Tornou o diabo a dormir. Para arrancar o annel do olho é que foram os trabalhos.

A velha tirou-o com um espeto, e o diabo com a dôr e zangado com as pendedellas, sahiu pela porta fóra. O rapaz recebeu tudo da velha; voltou para o mundo, quando ella chamou o passaro: «Menino, menino, menino.» Foi d’ali entregar as contas ao ermitão. Depois passou pela terra do rei que tinha perdido o annel, que lhe deu muito dinheiro quando o tornou a achar debaixo da lage. Depois passou pela côrte do rei qµe tinha a filha doente, disse onde estava o sapo-sapão. A princeza melhorou logo, e o rei pediu-lhe para que dissesse a paga que queria.

— Quero que vossa magestade me dê o seu poder por oito dias.
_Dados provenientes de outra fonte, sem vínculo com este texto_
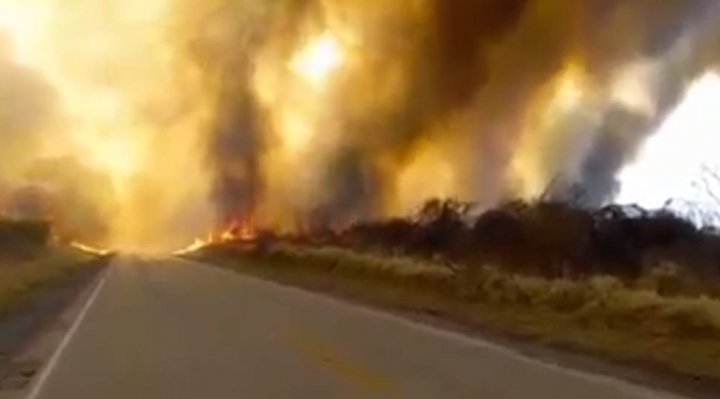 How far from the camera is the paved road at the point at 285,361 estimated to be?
1122 centimetres

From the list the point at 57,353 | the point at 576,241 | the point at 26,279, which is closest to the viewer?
the point at 57,353

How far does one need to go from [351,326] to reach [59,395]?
902 centimetres

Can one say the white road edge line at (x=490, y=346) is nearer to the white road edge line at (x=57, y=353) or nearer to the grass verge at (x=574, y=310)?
the grass verge at (x=574, y=310)

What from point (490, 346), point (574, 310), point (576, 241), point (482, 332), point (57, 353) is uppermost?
point (576, 241)

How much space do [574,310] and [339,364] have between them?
26.8 feet

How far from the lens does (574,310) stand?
20719 mm

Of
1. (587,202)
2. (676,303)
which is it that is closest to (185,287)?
(587,202)

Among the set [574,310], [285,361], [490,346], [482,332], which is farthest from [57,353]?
[574,310]

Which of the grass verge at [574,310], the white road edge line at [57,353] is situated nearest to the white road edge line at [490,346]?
the grass verge at [574,310]

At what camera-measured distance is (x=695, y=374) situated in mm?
12859

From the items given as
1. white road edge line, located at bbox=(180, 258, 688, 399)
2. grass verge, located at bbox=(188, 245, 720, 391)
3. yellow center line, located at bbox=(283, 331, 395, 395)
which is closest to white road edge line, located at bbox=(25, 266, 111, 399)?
yellow center line, located at bbox=(283, 331, 395, 395)

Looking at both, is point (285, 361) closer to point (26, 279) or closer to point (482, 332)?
point (482, 332)

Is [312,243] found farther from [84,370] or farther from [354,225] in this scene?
[84,370]

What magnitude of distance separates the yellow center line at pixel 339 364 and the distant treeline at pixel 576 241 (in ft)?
32.2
O rei mandou deitar um pregão para elle governar oito dias; o rapaz partiu logo para a terra do sogro, e deu ordem logo que lá chegou para o mercador dentro em meia hora lhe vir fallar á sua presença. O mercador foi, mas quando chegou era já mais de uma hora. O rapaz disse:

— Podia-o mandar matar, por me ter desobedecido, em vir depois da meia hora.

— Oh senhor, não me demorei por minha vontade.

— Pois sim. Mas porque não soube em tempo desculpar aquelle pobre sargento que pôz fóra de sua casa?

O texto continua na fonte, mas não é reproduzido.